Animations can make people who experience motion sickness, vertigo, and other conditions physically sick, dizzy, and disoriented.

Both Windows and macOS provide a way to disable animations at the operating system level, and tell websites that they would prefer not to see them as well.

We can access this setting through a CSS media query: prefers-reduced-motion.

@media (prefers-reduced-motion: reduce) {
	/* The user does not want animations */
}

@media (prefers-reduced-motion: no-preference) {
	/* The user is OK with animations */
}

We can use this to turn on our animations only when the user wants them, or disable them when they don’t.

For a no animations first approach, we would wrap all of our CSS animation code in prefers-reduced-motion: no-preference

.rotate-scale-up {
	animation: rotate-scale-up 0.65s linear both;
}

/* ----------------------------------------------
 * Generated by Animista on 2021-5-17 9:41:40
 * Licensed under FreeBSD License.
 * See http://animista.net/license for more info.
 * w: http://animista.net, t: @cssanimista
 * ---------------------------------------------- */

/**
 * ----------------------------------------
 * animation rotate-scale-up
 * ----------------------------------------
 */
@keyframes rotate-scale-up {
  0% {
    transform: scale(1) rotateZ(0);
  }
  50% {
    transform: scale(2) rotateZ(180deg);
  }
  100% {
    transform: scale(1) rotateZ(360deg);
  }
}

Alternatively, we can remove all animations when they’re specifically disabled.

/**
 * Remove all animations and transitions for people that prefer not to see them
 */
@media (prefers-reduced-motion: reduce) {
	* {
		animation-duration: 0.01ms !important;
		animation-iteration-count: 1 !important;
		transition-duration: 0.01ms !important;
		scroll-behavior: auto !important;
	}
}

We use !important here even though it’s generally frowned upon because we always want to remove animations when the user says they don’t want them.

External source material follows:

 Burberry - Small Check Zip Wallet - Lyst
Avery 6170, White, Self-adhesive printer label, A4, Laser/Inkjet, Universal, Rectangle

This approach also reduces animations to a fraction of a millisecond (and thus imperceivable) rather than setting it to 0 so that any event handlers that hook into the animationend event will still run.

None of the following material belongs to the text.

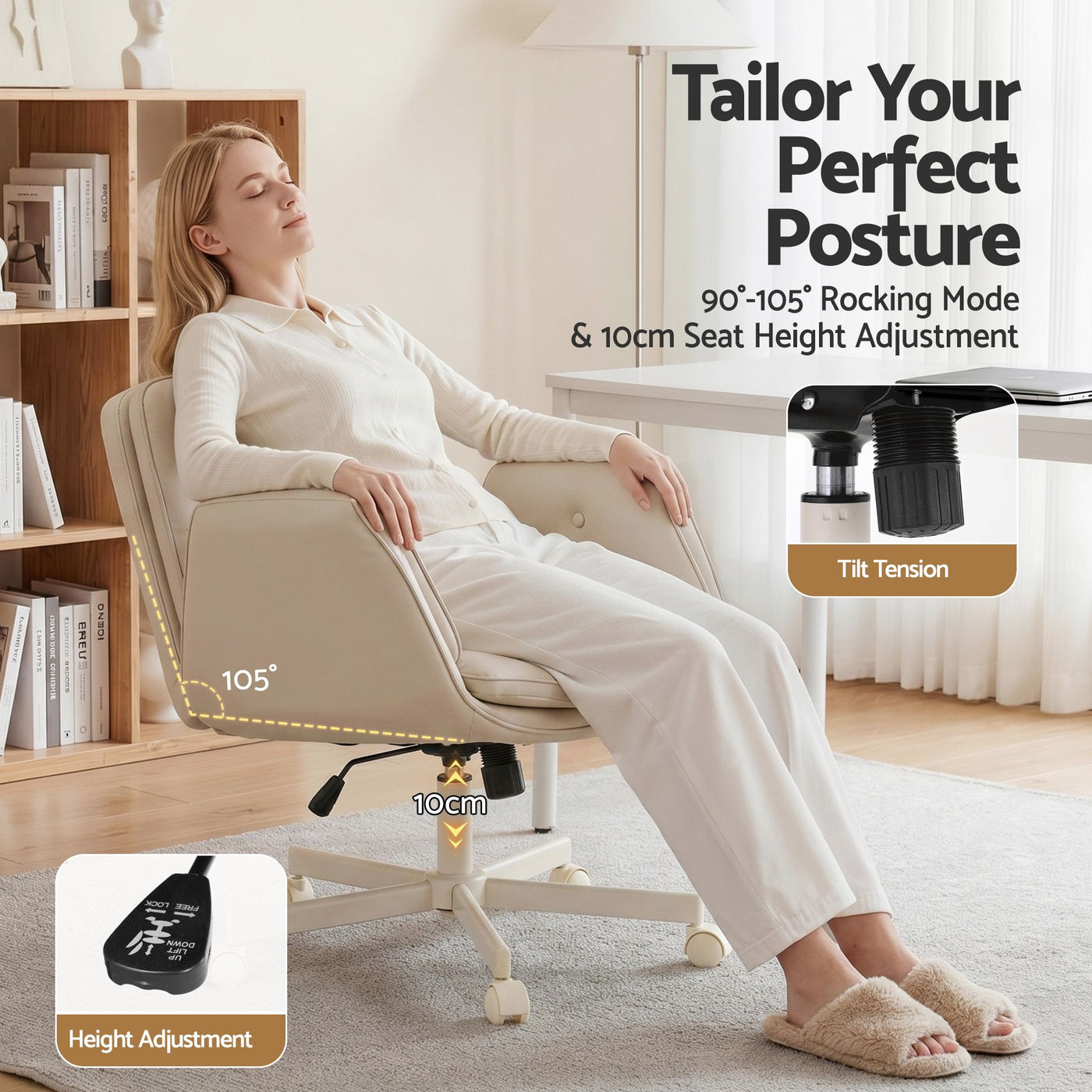 Artiss Criss Cross Chair with Wheels & Adjustable Armrests, Ergonomic Cross Legged Office Desk Chair PU Leather Vanity Chair Swivel for Home, Make Up, Bedroom, Computer, Beige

Here’s a demo with proper accessibility considerations.

Abstracting adding an animation

What if you have multiple animations you want to add to your project? Let’s look at how we can abstract adding and removing our animation class.

First, let’s create an animate() helper function. We’ll accept the node to animate and the animation as parameters.

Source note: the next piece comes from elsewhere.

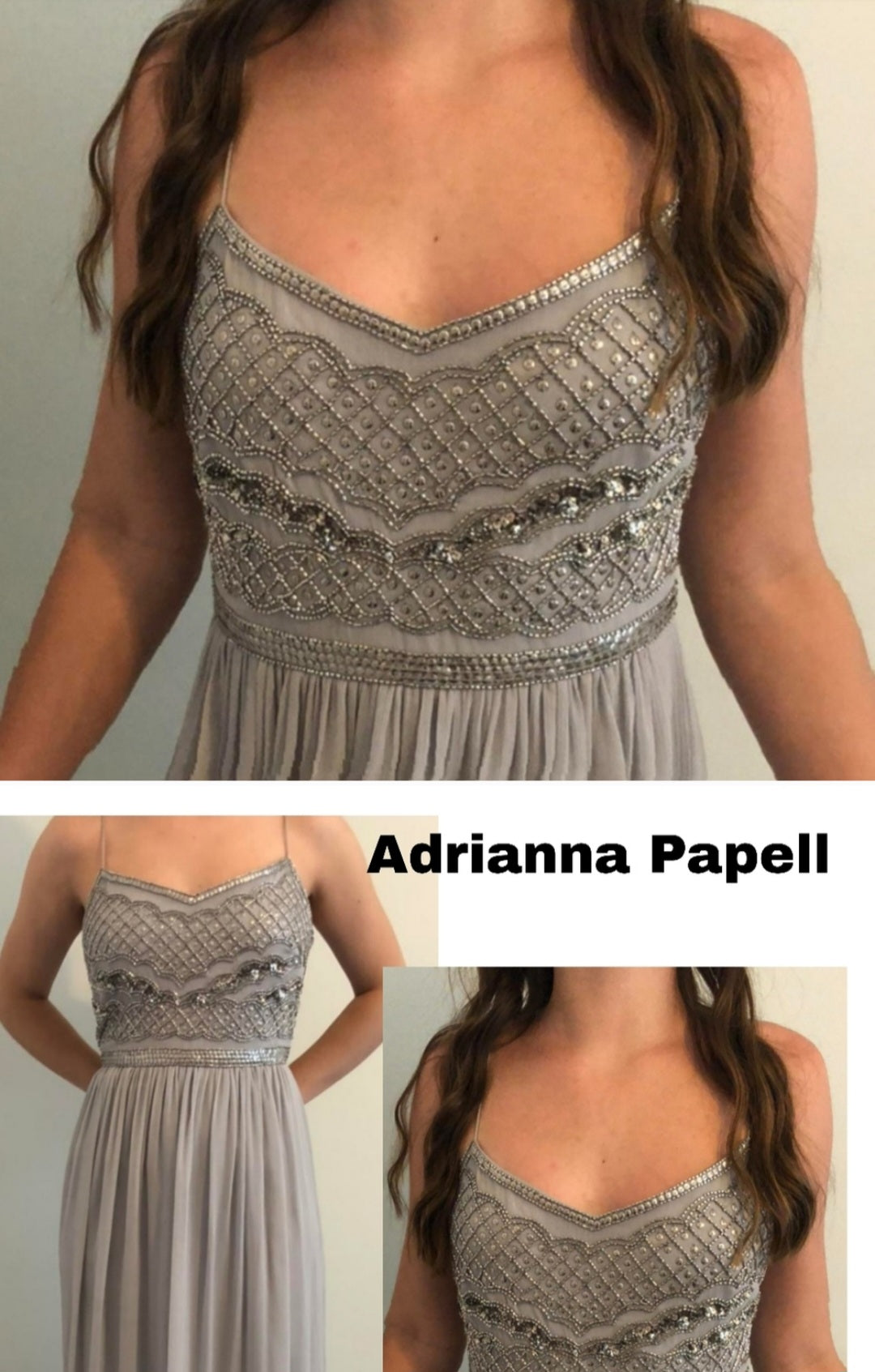 Adrianna Papell Formal Evening Gown Prom Size 10. Grey Bead Maxi Chiffon Long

function animate (node, animation) {
	// Animate stuff...
}

Inside the animate() function, we’ll add the animation class to our node, then setup the animationend event listener and remove it.

function animate (node, animation) {
	node.classList.add(animation);
	node.addEventListener('animationend', function () {
		node.classList.remove(animation);
	}, {once: true});
}

Now, we can run our animation like this.

button.addEventListener('click', function () {
	animate(button, 'rotate-scale-up');
});

If you wanted to trigger the animation in response to something else, you could run the animate() function outside of a click event.

animate(button, 'rotate-scale-up');

Here’s a demo with the abstracted code.

Adding a callback after the event

What if you wanted to do something else after the animation ends?

Let’s add one more parameter to our animate() function: a callback function to run after the animation ends. We’ll pass in the node and animation as arguments.

function animate (node, animation, onEnd = function () {}) {
	node.classList.add(animation);
	node.addEventListener('animationend', function () {
		node.classList.remove(animation);
		onEnd(node, animation);
	}, {once: true});
}

Now, you can do something like this.

animate(button, 'rotate-scale-up', function (node, animation) {
	alert(`The ${animation} animation finished on an element.`);
});

Here’s one last demo.

You can find the animate() helper function on the Vanilla JS Toolkit as well.